London Underground annual entry and exit
- 2020: ▼9.81 million
- 2021: ▲10.82 million
- 2022: ▲24.33 million
- 2023: ▲26.09 million
- 2024: ▲29.48 million

Key dates
- 1 October 1868: Opened (MR)
- 24 December 1868: Started (DR)
- 1 February 1872: Started "Outer Circle" (NLR)
- 1 August 1872: Started "Middle Circle" (H&CR/DR)
- 30 June 1900: Ended "Middle Circle"
- 15 December 1906: Opened (GNP&BR)
- 31 December 1908: Ended "Outer Circle"
- 1949: Started (Circle line)

Listed status
- Listing grade: II
- Entry number: 1392067
- Added to list: 27 August 2004

Other information
- External links: TfL station info page;
- Coordinates: 51°29′39″N 0°10′26″W﻿ / ﻿51.4941°N 0.1738°W

= South Kensington tube station =

London Underground station

South Kensington is a London Underground station in the district of South Kensington, London. It is served by three lines: Circle, District and Piccadilly. On the Circle and District lines the station is between Gloucester Road and Sloane Square stations, and on the Piccadilly line it is between Gloucester Road and Knightsbridge stations. The station is in London fare zone 1. The main station entrance is located at the junction of Old Brompton Road (A3218), Thurloe Place, Harrington Road, Onslow Place and Pelham Street. Subsidiary entrances are located in Exhibition Road giving access by pedestrian tunnel to the Natural History, Science and Victoria and Albert Museums. Also close by are the Royal Albert Hall, Imperial College London, the Royal College of Music, the London branch of the Goethe-Institut and the Ismaili Centre.

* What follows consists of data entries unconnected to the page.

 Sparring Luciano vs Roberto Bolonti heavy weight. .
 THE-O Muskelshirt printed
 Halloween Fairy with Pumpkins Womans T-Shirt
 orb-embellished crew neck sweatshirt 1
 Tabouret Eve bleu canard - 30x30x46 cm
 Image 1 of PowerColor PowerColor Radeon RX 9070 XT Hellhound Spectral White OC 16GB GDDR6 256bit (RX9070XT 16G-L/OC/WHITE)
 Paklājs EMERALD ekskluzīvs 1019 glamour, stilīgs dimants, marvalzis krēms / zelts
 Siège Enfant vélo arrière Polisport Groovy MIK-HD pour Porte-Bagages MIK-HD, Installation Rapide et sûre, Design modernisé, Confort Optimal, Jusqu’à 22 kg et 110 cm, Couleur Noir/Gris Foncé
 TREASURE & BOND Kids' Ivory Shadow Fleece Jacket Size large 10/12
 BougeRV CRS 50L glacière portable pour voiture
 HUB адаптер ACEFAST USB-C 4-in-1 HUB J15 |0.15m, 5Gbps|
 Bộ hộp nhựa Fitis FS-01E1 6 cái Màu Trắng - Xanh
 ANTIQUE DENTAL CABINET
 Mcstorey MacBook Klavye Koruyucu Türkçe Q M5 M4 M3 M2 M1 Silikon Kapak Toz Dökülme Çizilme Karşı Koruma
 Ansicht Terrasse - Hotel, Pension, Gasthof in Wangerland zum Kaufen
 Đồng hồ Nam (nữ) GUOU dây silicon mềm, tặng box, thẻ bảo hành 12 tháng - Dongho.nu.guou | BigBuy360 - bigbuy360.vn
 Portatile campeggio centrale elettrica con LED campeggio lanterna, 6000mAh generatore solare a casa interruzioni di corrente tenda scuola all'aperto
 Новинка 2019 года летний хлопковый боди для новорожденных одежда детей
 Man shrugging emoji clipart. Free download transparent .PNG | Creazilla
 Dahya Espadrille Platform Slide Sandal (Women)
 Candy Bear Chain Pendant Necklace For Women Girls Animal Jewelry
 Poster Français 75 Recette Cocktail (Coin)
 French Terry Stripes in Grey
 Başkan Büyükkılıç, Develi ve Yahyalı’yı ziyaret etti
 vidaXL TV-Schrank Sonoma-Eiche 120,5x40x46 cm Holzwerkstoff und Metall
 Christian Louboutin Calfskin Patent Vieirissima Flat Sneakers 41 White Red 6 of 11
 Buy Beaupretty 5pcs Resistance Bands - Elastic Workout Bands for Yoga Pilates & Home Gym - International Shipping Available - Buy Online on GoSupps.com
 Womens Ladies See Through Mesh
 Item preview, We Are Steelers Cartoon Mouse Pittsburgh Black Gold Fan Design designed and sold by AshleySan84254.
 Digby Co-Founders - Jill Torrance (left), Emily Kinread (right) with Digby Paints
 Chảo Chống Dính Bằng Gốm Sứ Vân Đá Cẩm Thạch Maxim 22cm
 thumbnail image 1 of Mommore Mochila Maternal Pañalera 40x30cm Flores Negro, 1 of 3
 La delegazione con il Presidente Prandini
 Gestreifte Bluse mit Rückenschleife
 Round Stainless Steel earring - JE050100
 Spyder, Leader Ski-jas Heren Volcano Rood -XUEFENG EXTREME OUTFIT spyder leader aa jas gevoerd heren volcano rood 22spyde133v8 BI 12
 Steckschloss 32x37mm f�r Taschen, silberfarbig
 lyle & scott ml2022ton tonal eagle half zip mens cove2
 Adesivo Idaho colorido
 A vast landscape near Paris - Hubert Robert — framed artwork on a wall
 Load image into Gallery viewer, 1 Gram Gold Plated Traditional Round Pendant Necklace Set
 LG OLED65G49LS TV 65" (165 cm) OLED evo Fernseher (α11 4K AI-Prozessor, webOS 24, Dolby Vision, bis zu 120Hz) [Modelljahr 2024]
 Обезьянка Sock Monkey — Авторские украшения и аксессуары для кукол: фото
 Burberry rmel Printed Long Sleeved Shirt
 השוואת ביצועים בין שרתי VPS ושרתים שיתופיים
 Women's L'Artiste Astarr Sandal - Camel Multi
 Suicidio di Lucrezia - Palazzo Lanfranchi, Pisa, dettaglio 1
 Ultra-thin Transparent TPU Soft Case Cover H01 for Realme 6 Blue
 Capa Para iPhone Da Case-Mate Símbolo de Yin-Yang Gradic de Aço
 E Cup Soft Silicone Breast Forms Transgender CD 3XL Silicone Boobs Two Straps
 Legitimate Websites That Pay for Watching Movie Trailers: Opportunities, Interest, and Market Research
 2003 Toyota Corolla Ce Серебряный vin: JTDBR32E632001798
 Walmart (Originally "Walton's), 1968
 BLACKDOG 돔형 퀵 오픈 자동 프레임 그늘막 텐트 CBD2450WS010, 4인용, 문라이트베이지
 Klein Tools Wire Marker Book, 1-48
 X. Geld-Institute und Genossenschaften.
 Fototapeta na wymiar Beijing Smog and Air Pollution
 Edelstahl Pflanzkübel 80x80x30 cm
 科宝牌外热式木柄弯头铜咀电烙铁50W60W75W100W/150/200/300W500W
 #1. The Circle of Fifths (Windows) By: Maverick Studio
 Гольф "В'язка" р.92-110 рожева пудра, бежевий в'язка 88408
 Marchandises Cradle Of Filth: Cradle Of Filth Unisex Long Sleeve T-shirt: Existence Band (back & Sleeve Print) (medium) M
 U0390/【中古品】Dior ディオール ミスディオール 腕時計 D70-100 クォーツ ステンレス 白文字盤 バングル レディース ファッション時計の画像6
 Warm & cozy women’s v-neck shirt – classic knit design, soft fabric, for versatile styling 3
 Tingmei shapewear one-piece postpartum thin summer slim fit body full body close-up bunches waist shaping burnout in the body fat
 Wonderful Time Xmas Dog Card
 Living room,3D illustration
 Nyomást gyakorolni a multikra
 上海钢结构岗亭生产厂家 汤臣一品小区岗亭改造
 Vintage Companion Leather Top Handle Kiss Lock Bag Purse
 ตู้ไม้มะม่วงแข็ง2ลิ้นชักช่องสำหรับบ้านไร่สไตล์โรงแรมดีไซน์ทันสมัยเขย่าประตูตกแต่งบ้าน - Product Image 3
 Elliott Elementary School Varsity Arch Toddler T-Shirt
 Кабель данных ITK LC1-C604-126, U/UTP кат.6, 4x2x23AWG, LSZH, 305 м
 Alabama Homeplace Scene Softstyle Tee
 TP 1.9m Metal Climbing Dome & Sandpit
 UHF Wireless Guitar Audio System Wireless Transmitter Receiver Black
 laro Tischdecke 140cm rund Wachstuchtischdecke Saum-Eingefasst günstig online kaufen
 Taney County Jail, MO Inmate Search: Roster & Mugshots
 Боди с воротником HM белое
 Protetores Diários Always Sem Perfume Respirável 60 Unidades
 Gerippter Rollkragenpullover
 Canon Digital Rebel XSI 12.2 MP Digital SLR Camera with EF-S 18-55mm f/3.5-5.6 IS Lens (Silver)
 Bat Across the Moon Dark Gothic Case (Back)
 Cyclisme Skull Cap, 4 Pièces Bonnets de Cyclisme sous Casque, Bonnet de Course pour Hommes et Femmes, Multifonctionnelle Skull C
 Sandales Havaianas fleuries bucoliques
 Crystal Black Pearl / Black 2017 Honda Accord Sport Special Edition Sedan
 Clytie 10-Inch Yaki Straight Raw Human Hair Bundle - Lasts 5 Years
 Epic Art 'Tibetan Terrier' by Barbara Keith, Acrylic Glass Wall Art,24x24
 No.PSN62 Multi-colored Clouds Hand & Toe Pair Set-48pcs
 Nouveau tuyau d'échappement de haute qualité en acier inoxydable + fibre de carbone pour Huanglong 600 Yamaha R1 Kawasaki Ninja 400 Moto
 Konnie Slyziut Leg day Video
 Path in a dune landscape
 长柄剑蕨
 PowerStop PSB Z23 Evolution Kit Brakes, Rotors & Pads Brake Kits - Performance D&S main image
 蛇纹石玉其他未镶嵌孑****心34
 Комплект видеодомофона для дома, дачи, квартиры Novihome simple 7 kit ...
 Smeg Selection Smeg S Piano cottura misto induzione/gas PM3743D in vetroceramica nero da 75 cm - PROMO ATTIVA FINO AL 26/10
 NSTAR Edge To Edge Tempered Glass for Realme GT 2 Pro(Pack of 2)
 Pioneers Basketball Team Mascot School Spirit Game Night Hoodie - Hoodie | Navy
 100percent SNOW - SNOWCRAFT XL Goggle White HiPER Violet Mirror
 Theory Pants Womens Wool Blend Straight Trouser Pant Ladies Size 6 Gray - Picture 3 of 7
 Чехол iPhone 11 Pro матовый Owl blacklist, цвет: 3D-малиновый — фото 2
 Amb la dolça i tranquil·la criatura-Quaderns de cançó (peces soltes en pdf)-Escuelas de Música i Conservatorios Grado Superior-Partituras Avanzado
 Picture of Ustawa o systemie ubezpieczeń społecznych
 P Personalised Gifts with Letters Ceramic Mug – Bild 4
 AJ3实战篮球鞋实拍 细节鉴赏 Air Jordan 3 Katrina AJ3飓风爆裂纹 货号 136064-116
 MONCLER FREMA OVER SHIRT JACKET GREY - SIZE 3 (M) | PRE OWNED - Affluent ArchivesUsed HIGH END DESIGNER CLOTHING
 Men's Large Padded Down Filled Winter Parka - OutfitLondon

The station is in two parts: sub-surface platforms opened in 1868 by the Metropolitan Railway and the District Railway as part of the companies' extension of the Inner Circle route eastwards from Gloucester Road to Westminster and deep level platforms opened in 1906 by the Great Northern, Piccadilly and Brompton Railway. A variety of underground and main line services have operated over the sub-surface tracks, which have been modified several times to suit operational demands with the current arrangement being achieved in the 1960s. The deep-level platforms have remained largely unaltered, although the installation of escalators in the 1970s to replace lifts improved interchanges between the two parts of the station. Parts of the sub-surface station and the Exhibition Road pedestrian tunnel are Grade II listed.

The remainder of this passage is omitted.